I would love a 5lb mold (or between 3 and 5) like what NurtureSoap Supplies has (link below) but the shipping costs about as much as the mold ($43 shipping, $47 mold).

http://www.nurturesoapsupplies.com/5-pound-basic-soap-mold/

Is there any place in Canada (preferably Ontario) where I can find decent wood soap molds with a liner?

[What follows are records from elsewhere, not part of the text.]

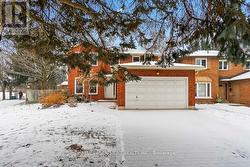 1033 CUTLER COURT  Mississauga, ON L5H 4C9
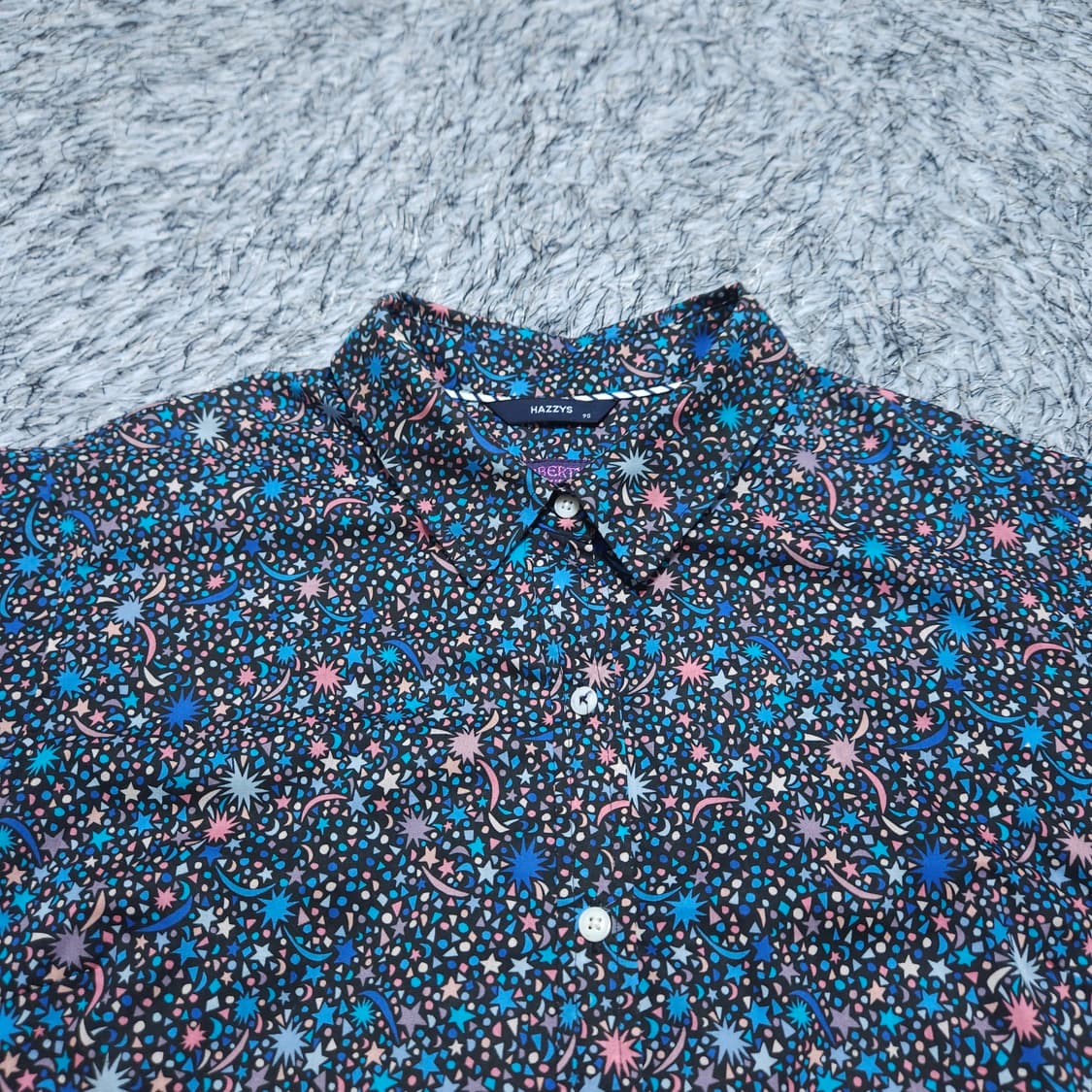 헤지스레이디스)90 여자 리버티 패턴셔츠남방 / 왕눈이샵 상품이미지3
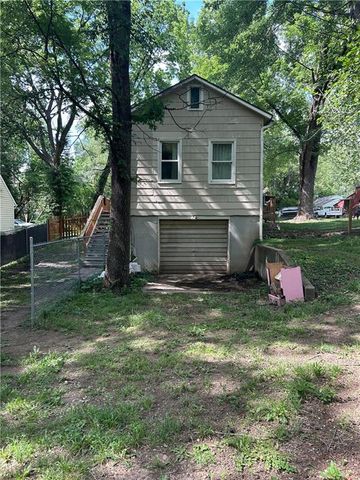 719 S Walnut Street, Leavenworth, KS 66048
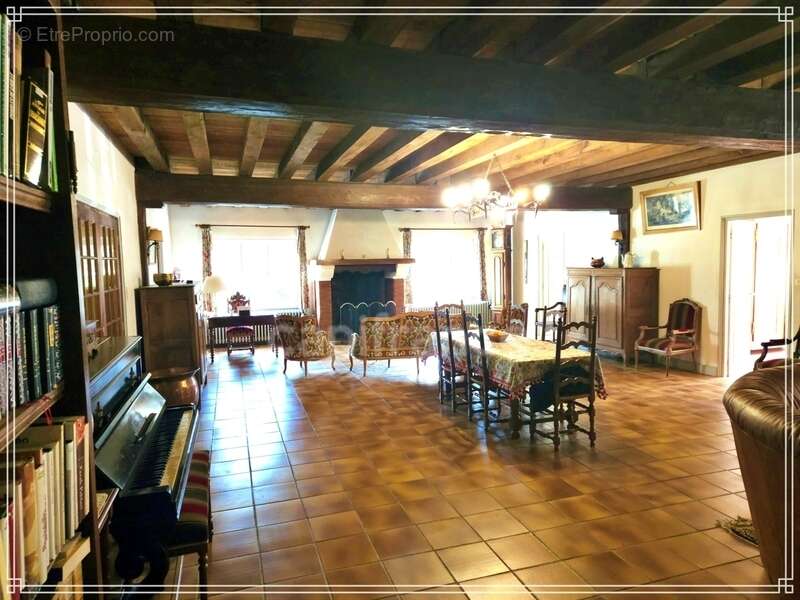 Maison à LA CAPELLE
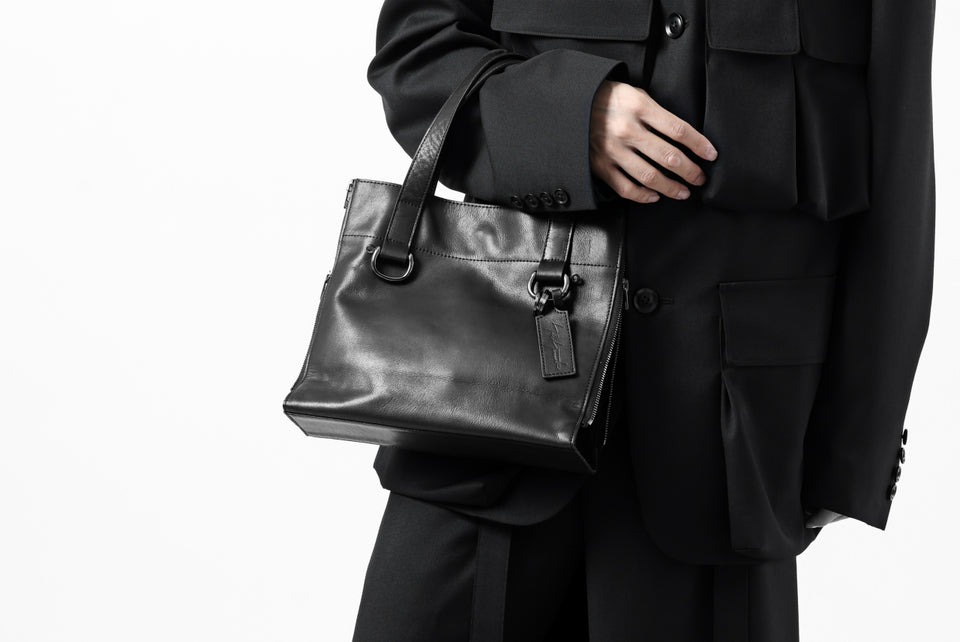 Load image into Gallery viewer, discord Yohji Yamamoto Side Zip Tote Bag S / Soft Shrink Cow Leather (BLACK)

I'm not interested in HDPE soap molds either. I have two wood soap molds that I line myself with freezer paper but I completely suck at lining (and are also starting to warp) and would like to treat myself!


----------



## minipops (Dec 7, 2014)

Don't know if this will help you.  Nurture soap supplies has a Canada division.  Don't know how much shipping will cost, though.
http://www.nurturesoap.ca/soap-molds/


----------



## lizvang (Dec 8, 2014)

minipops said:


> Don't know if this will help you.  Nurture soap supplies has a Canada division.  Don't know how much shipping will cost, though.
> http://www.nurturesoap.ca/soap-molds/



Thanks! A savings of about $33 which is better than a kick in the pants.

$153.00 USD at the US site ($175 CAD)
$141.84 CAD at Canadian site

That's for 2 x 5 lb. basic soap mold with liner + shipping.


----------